What is the result of comparing these numbers $G, G_{asc}, G_{dec}$? Based on my understanding of the idea of discounted reward, my intuition says $G_{asc} < G < G_{dec}$. If that is the case, how do i prove this?

$\endgroup$

1 Answer 1

2
$\begingroup$

The relation is actually $$ G_{\text{asc}} \leq G \leq G_{\text{dec}} $$ Without loss of generality, we can say that the sequence $r_0, r_1, .., r_n = G_{\text{dec}}$ is already sorted in descending order.

Then we know, that $$ r_0 \geq r_1 .. \geq r_n $$ Lets look at the difference $G_{\text{dec}} - G$: $$ G_{\text{dec}} - G = r_0 - r_i + \gamma(r_1 - r_j) .. $$ Let $\delta_{kj} = (r_k - r_j)$ and lets note, that there always exists a sequence of differences of rewards, weighted by gammas: $$ \gamma^k \delta_{kj} + \gamma^j \delta_{ji} + ... + \gamma^p \delta_{pm} + \gamma^m \delta_{mk} $$ It important, that it starts with $\delta_{kj}$ and ends with $\delta_{mk}$, take note of the circular nature of the indexes!

Without loss of generality we can assume, that $r_k$ is the largest element.
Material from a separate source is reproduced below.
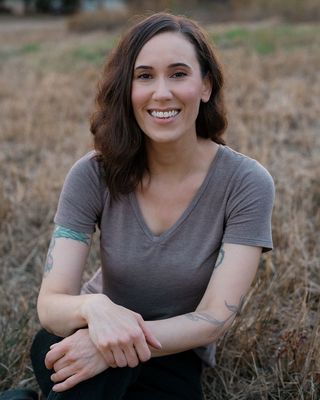 Photo of Lucy Morris, Master Practitioner in Clinical Counselling - Provisional, MPCC-P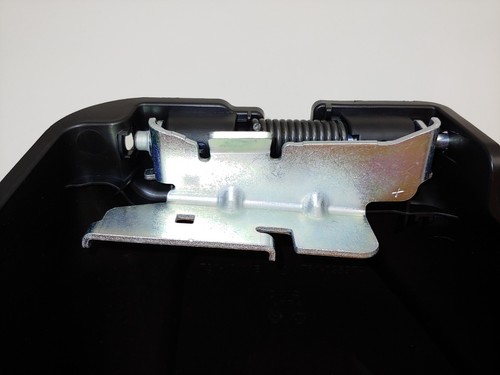 Cub Cadet XT1 XT2 LT50 50 FAB Deck Grass Deflector Chute OEM Lawn Mower - Picture 3 of 5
Then $\gamma^k$ is also the largest and $\delta_{kj} \geq 0$. Then we can say, that \begin{align*} \gamma^k \delta_{kj} + \gamma^j \delta_{ji} + ... + \gamma^p \delta_{pm} + \gamma^m \delta_{mk} & \geq \\ \text{(I change }\gamma^k\text{ to }\gamma^m\text{ at first difference)} & \\ \gamma^m \delta_{kj} + \gamma^j \delta_{ji} + ... + \gamma^p \delta_{pm} + \gamma^m \delta_{mk} & = \\ \text{(Now we can combine }\gamma^m \delta_{kj}\text{ and }\gamma^m \delta_{mk}\text{ )} & \\ \gamma^m \delta_{mj} + \gamma^j \delta_{ji} + ... + \gamma^p \delta_{pm}&\\ \end{align*} So at the end, for sequence, where $r_k$ is the largest element we get: $$ \gamma^k \delta_{kj} + \gamma^j \delta_{ji} + ... + \gamma^p \delta_{pm} + \gamma^m \delta_{mk} \geq \gamma^m \delta_{mj} + \gamma^j \delta_{ji} + ... + \gamma^p \delta_{pm} $$ But the resulting sequence is reduced by one element! Now we can repeat the same procedure(*):

  1. Find the biggest element.
  2. Look at the $\delta$s that contains it and combine them.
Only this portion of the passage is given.